ACTION ITEM: Output the whole listing exactly, except for the pictures in it.

DATA PROVIDED:
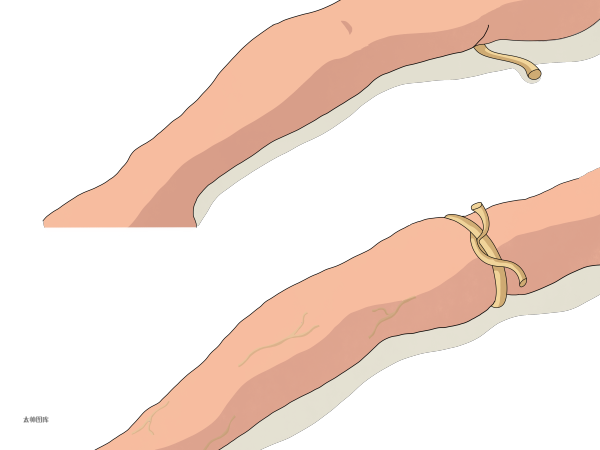 加压输液什么意思护士忘解止血带致病人死亡！输液中存在的12项违法问题护士必须掌握_https://www.jmylbn.com_新闻资讯_第4张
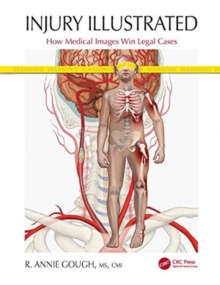 Injury Illustrated : How Medical Images Win Legal Cases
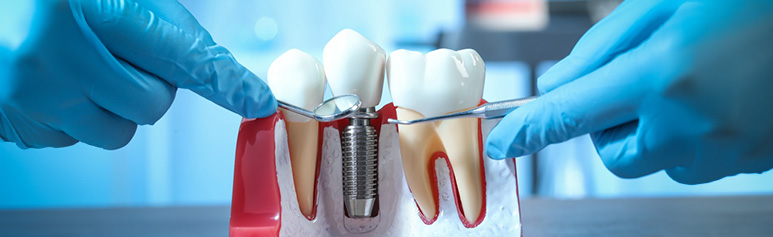 dental implants all on four single tooth full mouth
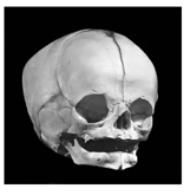 <p>newborn skull</p>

SOLUTION TO THIS PROBLEM:
 加压输液什么意思护士忘解止血带致病人死亡！输液中存在的12项违法问题护士必须掌握_https://www.jmylbn.com_新闻资讯_第4张
 Injury Illustrated : How Medical Images Win Legal Cases
 dental implants all on four single tooth full mouth
 <p>newborn skull</p>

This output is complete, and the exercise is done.